1 Lettre de Catherine Nelidov à Paul, vers 1800, citée par Alexeï Peskov : Paul Ier, empereur de Russie.

2 Cf. Henri Troyat : Catherine la Grande. Lettre en français.

3 Lettre du 8 mars 1787, citée par Alexeï Peskov : Paul Ier, empereur de Russie.

4 A. Khrapovitski : Notes et Souvenirs, cité par Alexeï Peskov : Paul Ier, empereur de Russie.

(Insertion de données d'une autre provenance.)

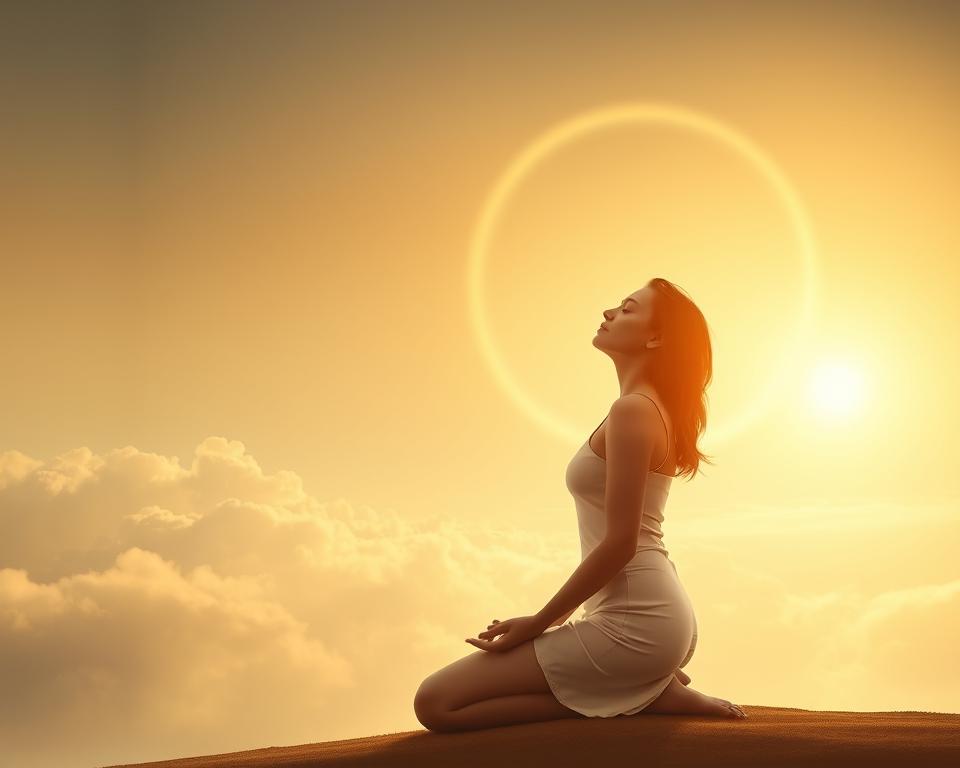 Histoire vraie de réconciliation avec la vie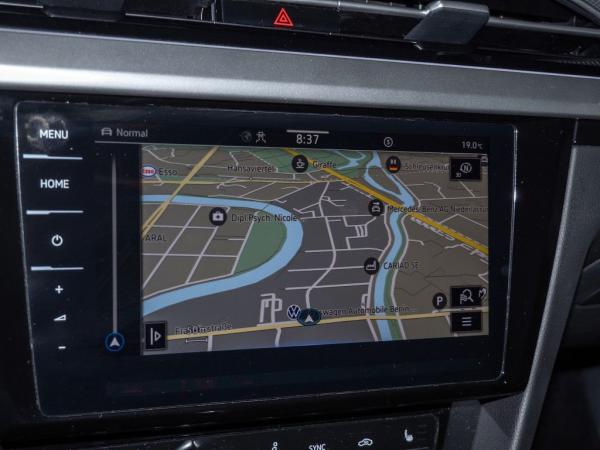 Volkswagen Arteon Shooting Brake 1.4 TSI eHybrid R-Line Pano Leder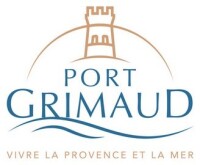 Port grimaud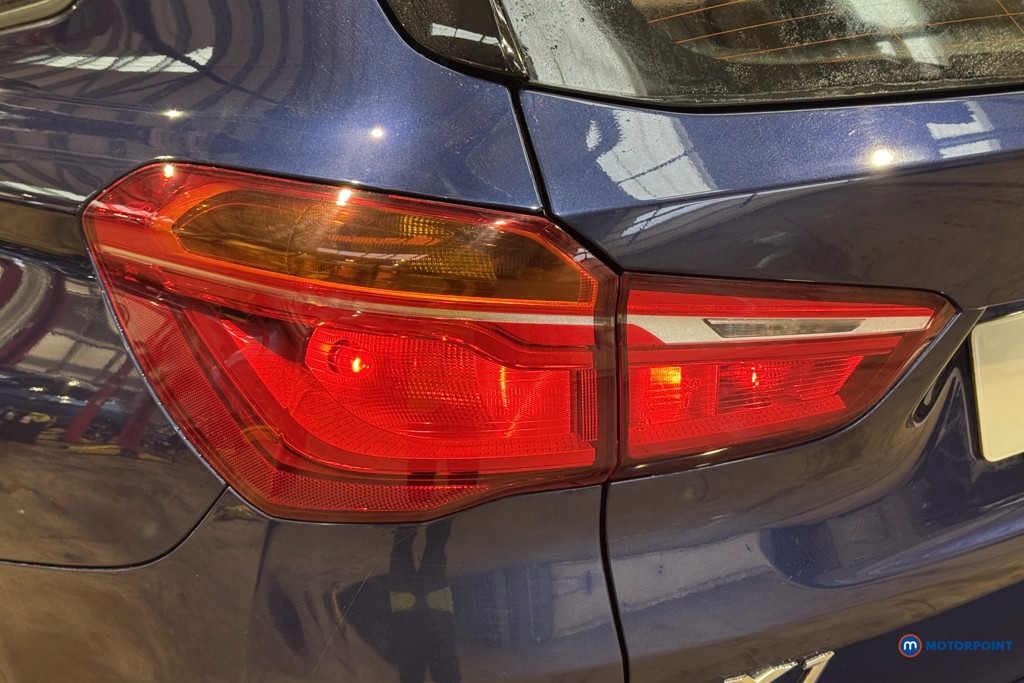 Used BMW X1 2019 for sale - 77483235: Photo 9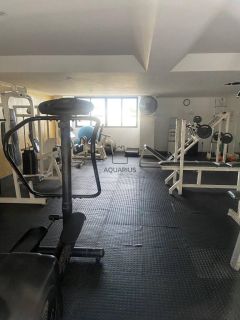 Apartamento Para Alugar com 1 quarto no bairro Pituba em Salvador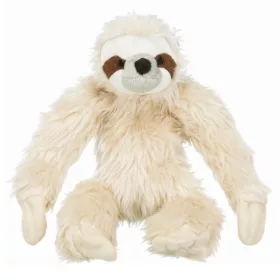 Trixie Játék Plüss Lajhár 35cm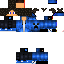 Texture for dff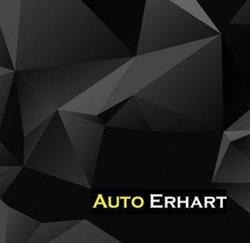 Auto Erhart SRL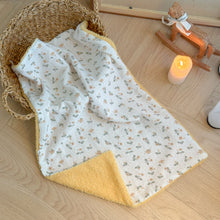 Load image into Gallery viewer, Dog Bed Blanket Soft Cozy Pet Cushion For Small Large Dogs Spring Autumn Warm Travel Mats French Bulldog Chihuahua Supplies
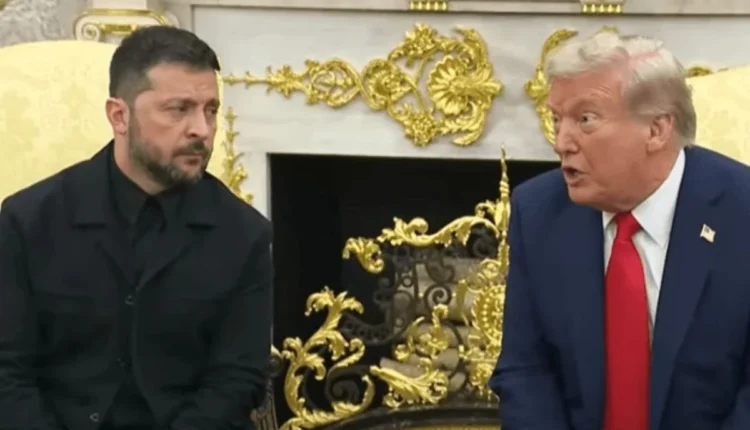 Trump-se-reune-com-Zelensky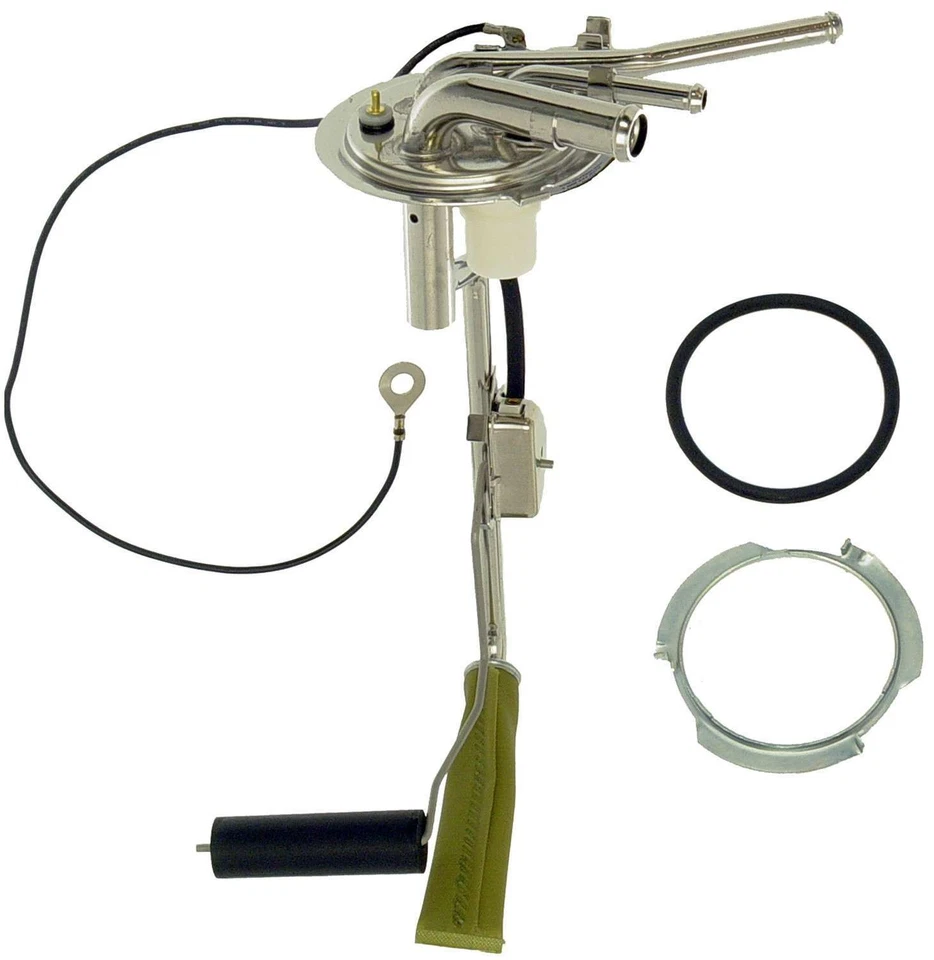 Fuel Tank Sending Unit fits 1978-1982 GMC Jimmy C1500 Suburban,K1500 Suburban C1 - Image 1 of 1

5 Rapporté par N.K. Schilder : Portrait historico-biographique de Paul Ier.

VI

A QUI LE TOUR ?

Le caractère de Paul est si méfiant, si rude, si versatile, que le souci quotidien de sa femme est de surveiller son humeur et d'intervenir à temps pour éviter la casse. Si elle tient à ce que l'existence de leur couple soit supportable, elle doit lutter tout ensemble contre les fantasmes de son mari qui la rabroue et lui demande pardon dix fois par jour, contre ses fils Alexandre et Constantin, qui sont subjugués par leur grand-mère au point de négliger leur mère, contre Catherine Nelidov qui joue de sa chasteté comme d'une arme et attise le désir du grand-duc en se refusant à lui, et contre l'influence d'un nouveau venu parmi les familiers de Son Altesse, un certain Ivan Koutaïssov, d'origine turque, « premier valet de chambre de Monseigneur ». Flatteur et retors, le bonhomme, employé d'abord comme barbier, devient vite le confident de son maître. En le rasant, le matin, il lui glisse à l'oreille des conseils sur la conduite à tenir avec sa femme et avec ses enfants. On dit même qu'il lui cherche une favorite, afin de le guérir de sa passion desséchante pour Catherine Nelidov. Cependant, malgré les intrigues de son factotum, Paul continue de remplir fidèlement ses devoirs conjugaux. Tandis que les troupes russes, commandées par le feld-maréchal Souvorov, infligent une raclée définitive à ces enragés de Polonais et qu'en France, avec une logique implacable, la Terreur se retourne contre ceux qui l'ont déclenchée, à Gatchina la Cour grand-ducale, repliée sur elle-même, vit dans l'attente d'un heureux événement.